United States District Court, D. New Jersey
Jun 4, 2007
Civ. No. 07-305 (GEB) (D.N.J. Jun. 4, 2007)

Opinion

Civ. No. 07-305 (GEB).

June 4, 2007


MEMORANDUM OPINION


This matter comes before the Court upon the appellant Harvard Secured Creditors Liquidation Trust's ("the Trust" or "Appellant") appeal of the Bankruptcy Court's October 20, 2006 decision concerning the Trust's motion for a determination of its right to a tax refund. The Court has jurisdiction over this matter pursuant to 28 U.S.C. § 158(a). The Court, having considered the parties' submissions and decided the matter without oral argument pursuant to Federal Rules of Civil Procedure Rule 78, and for the reasons set forth below, will affirm in part and reverse in part the Bankruptcy Court's October 20, 2006 decision.

I. BACKGROUND

On or about January 15, 2002, Harvard Industries, Inc. ("Harvard") and two of its subsidiaries (collectively "the Debtors") filed voluntary petitions for relief pursuant to Chapter 11 of the Bankruptcy Code. On or about June 24, 2003, the Debtors filed a motion pursuant to 11 U.S.C. § 505 requesting a determination of Harvard's right to a tax refund. (Bankruptcy Court Opinion (October 20, 2006) ("Bankr.
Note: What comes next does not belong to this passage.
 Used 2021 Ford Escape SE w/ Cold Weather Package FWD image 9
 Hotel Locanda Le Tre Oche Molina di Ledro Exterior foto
Op.") at 2.) The Debtors sought a refund based on different types of expenses, including payments for workers compensation insurance policies. ( Id.) Prior to the Bankruptcy Court's decision of that motion, the Debtors' Chapter 11 plan was confirmed, and the Trust became the party in interest. ( Id.)
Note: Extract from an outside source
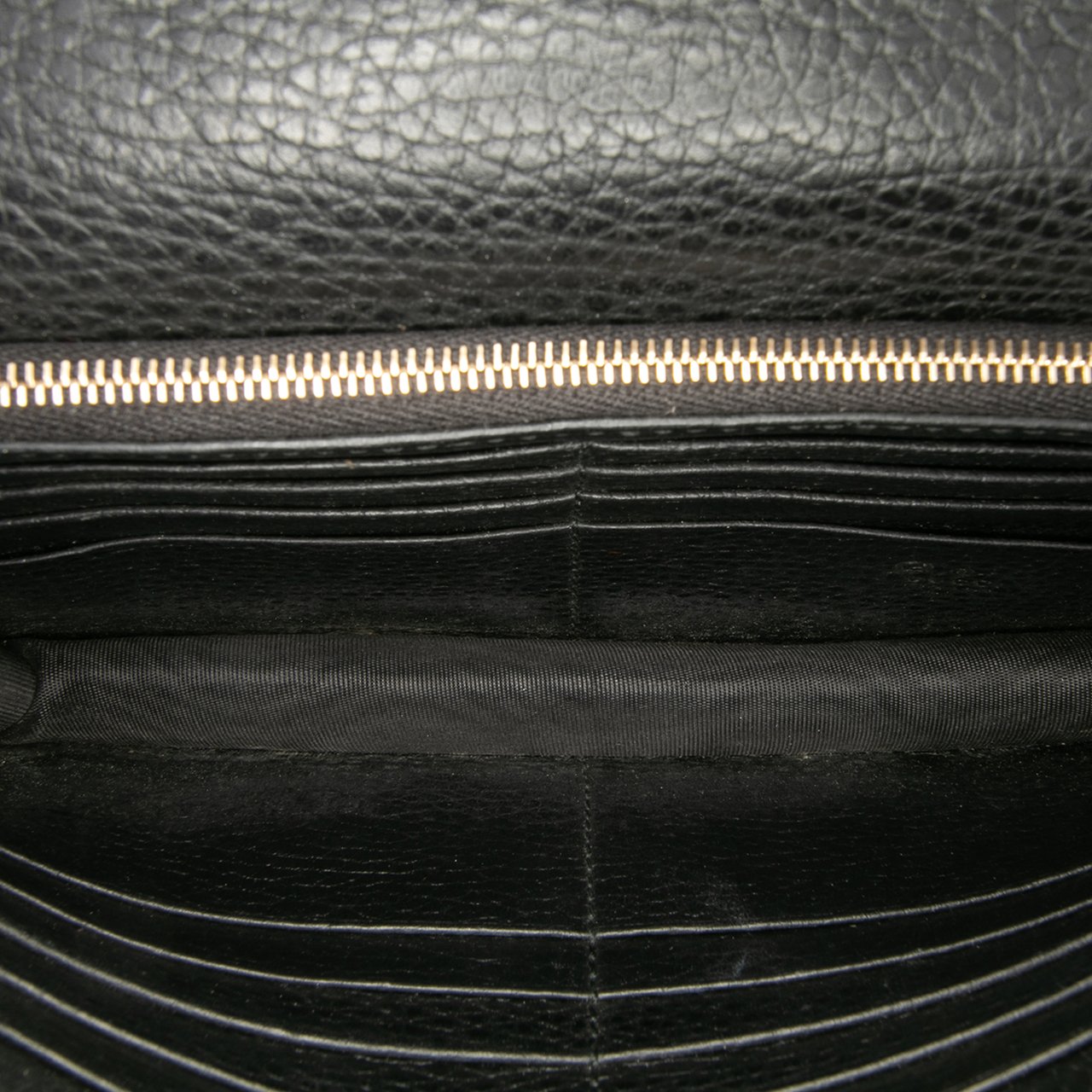 Gucci Leather Interlocking G Dollar Wallet on Chain Zwart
On March 24, 2005, the Bankruptcy Court granted the refund request with respect to certain of Harvard's expenses, but denied without prejudice the motion with respect to the workers compensation expenses. (Bankruptcy Court Order (March 24, 2005) at 2.) The Trust appealed the Bankruptcy Court's decision, and on September 27, 2005, this Court reversed the decision with respect to those other expenses. (Order (September 27, 2005) at 1.) The Court remanded the case to the Bankruptcy Court to decide the remaining issues concerning Harvard's workers compensation expenses. ( Id.)
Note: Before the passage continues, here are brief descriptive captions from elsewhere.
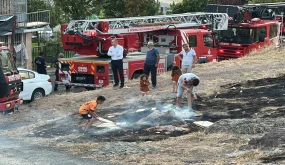 كادت تتحول لكارثة.. ألعاب نارية تُشعل حريقًا قرب غابات بولاية إسطنبول! (فيديو)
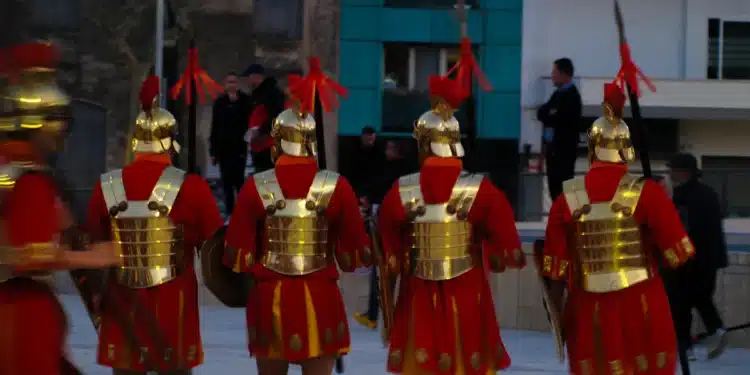Recriadores vestidos de soldados romanos marchando em formação, tema da origem da palavra salário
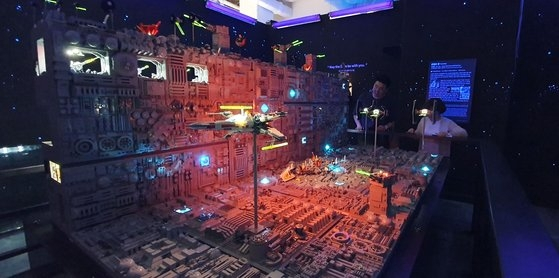 [더오래]레고 8만개로 재현한 스타워즈 우주전투 장면 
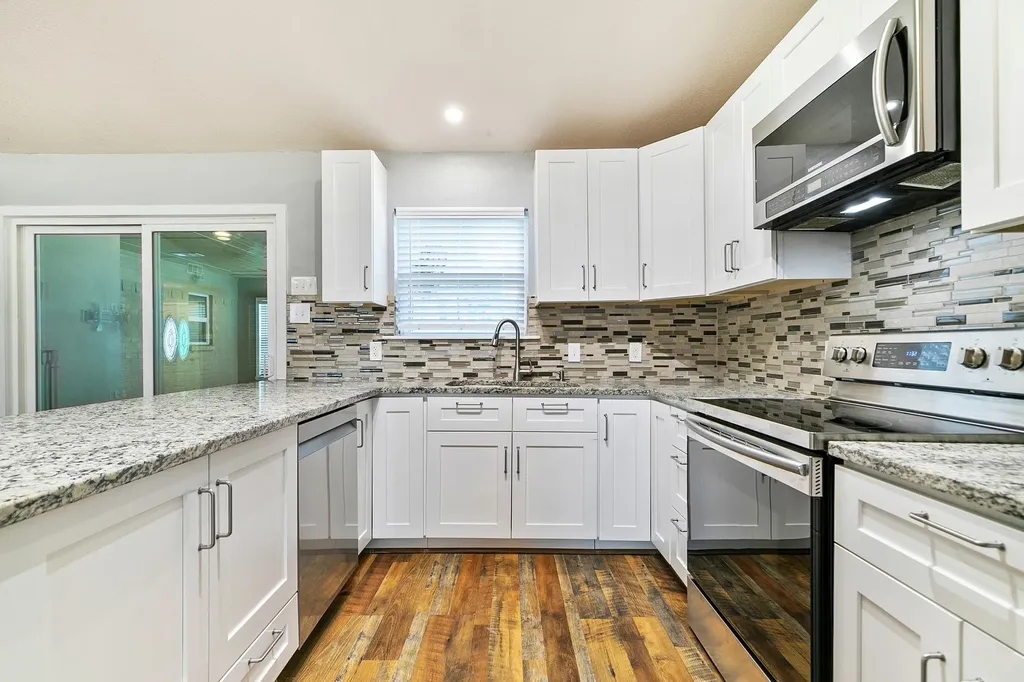 909 N Dove Road Grapevine TX 76051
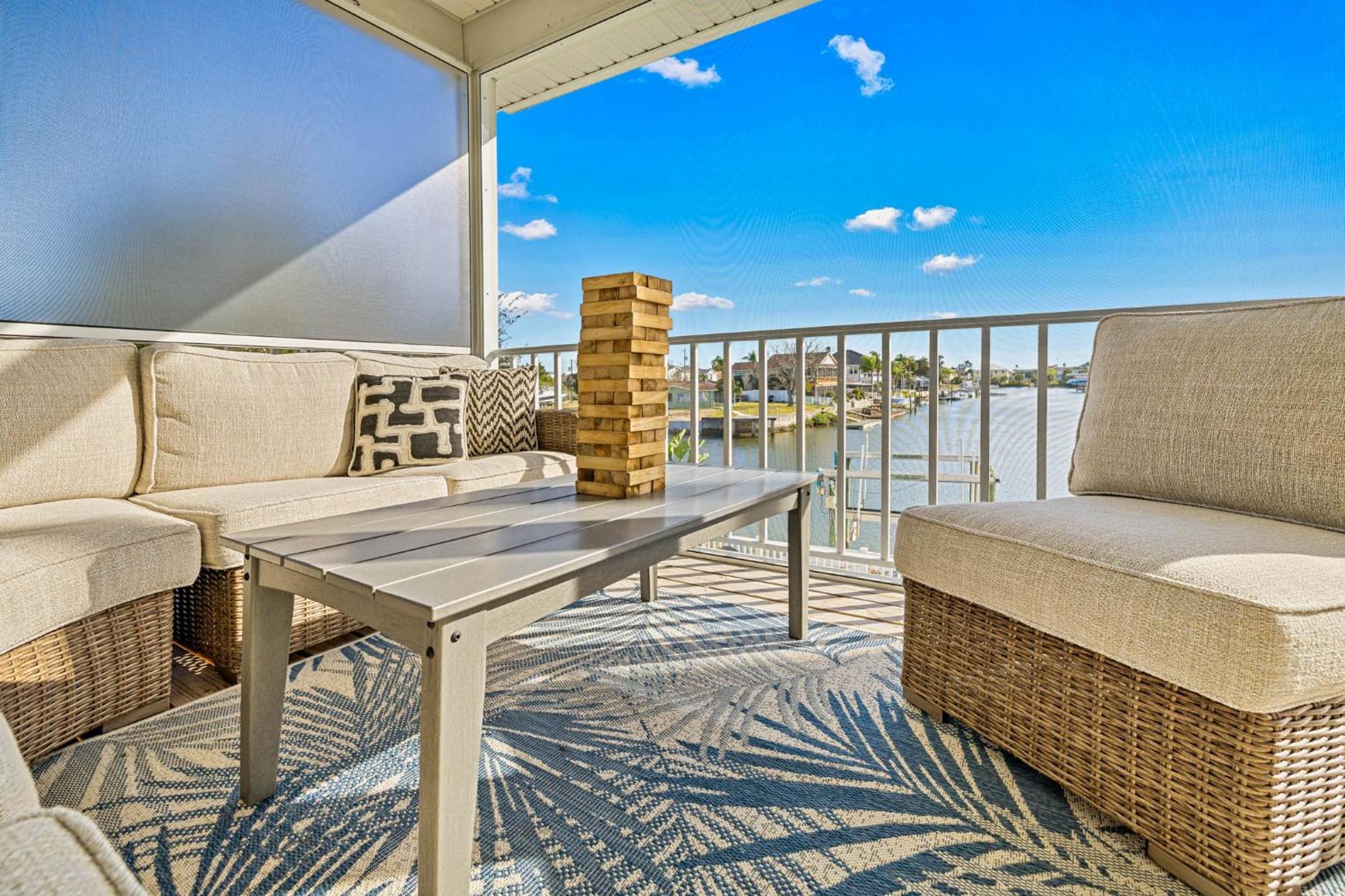 5 Bed3Bath Waterfront Pool Home With Full Gym, Office, And Heated Pool! Hernando Beach Exteriör bild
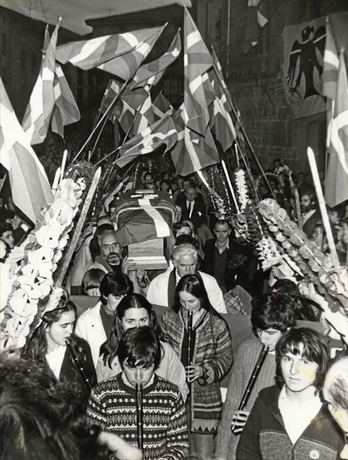 Ezkerretik eskuinera, Monzonen hilkutxa San Pedro Elizan sartzen; 1977an, Askatasun Ibilaldian; eta, mugan, Polizia espainolak gorpua bahitu zuenekoa.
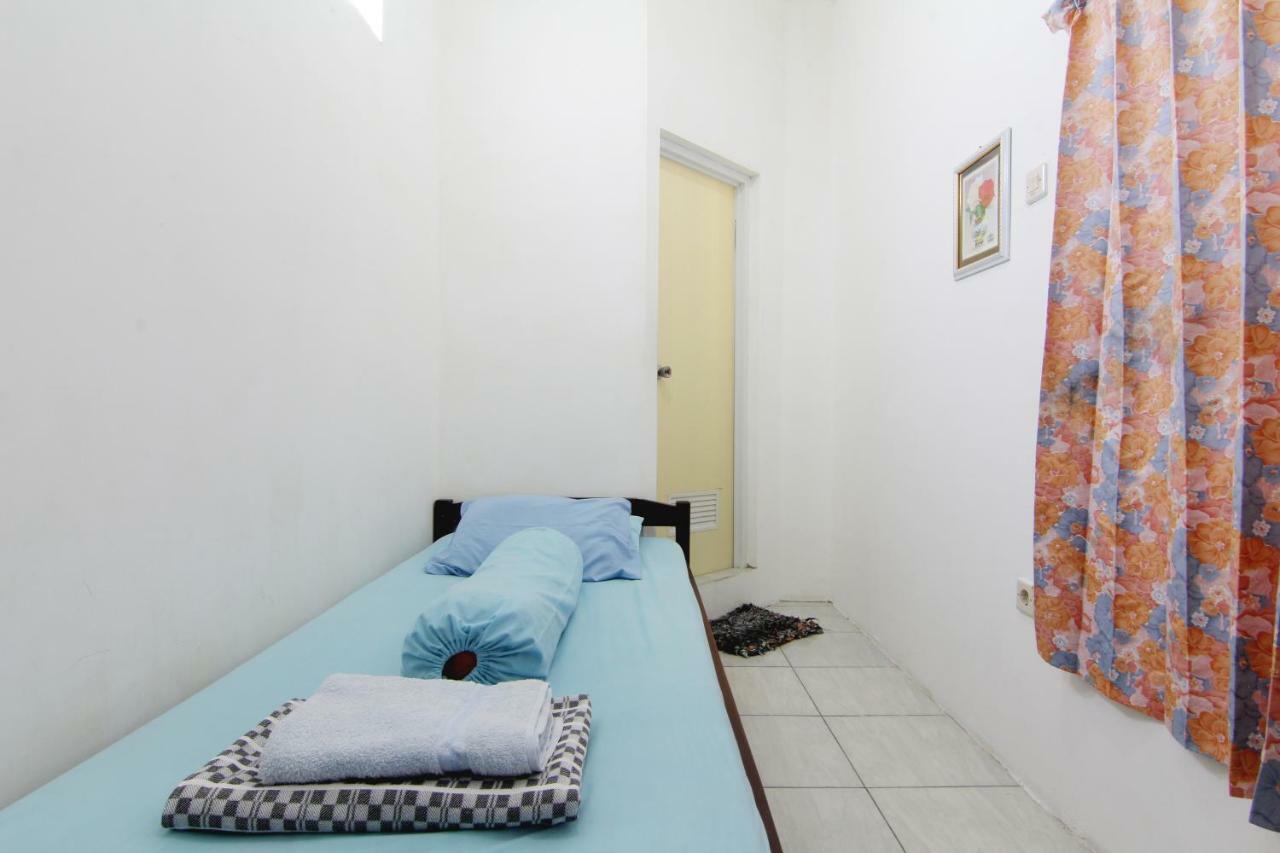 Tiga Dua Homestay Джокякарта Екстериор снимка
On July 6, 2006, the Bankruptcy Court conducted a hearing concerning the workers compensation expenses that Harvard paid to its insurer, Wausau Insurance Company ("Wausau"), during the 1995 tax year. (Bankr. Op. at 3.) On October 20, 2006, the Bankruptcy Court issued its decision concerning whether Harvard was allowed to carry back those expenses to the 1985 tax year pursuant to 26 U.S.C. § 172(f)(1)(B) (prior to the 1998 amendment of that provision). The court held that Harvard was allowed to carry back the payments that it made for certain adjustments to its retrospective workers compensation insurance policies. ( Id. at 6.) The court held, however, that Harvard could not carry back the administrative expenses that it was charged by Wausau with respect to those policies. ( Id. at 10-11.) Finally, the court held that any carryback losses that Harvard deducted should be offset by the amount allocable to Doehler-Jarvis, Inc. ("Doehler-Jarvis"), which joined Harvard in filing a consolidated return for the 1995 tax year but not for the 1985 tax year. ( Id. at 13.) The Bankruptcy Court issued its order on November 14, 2006.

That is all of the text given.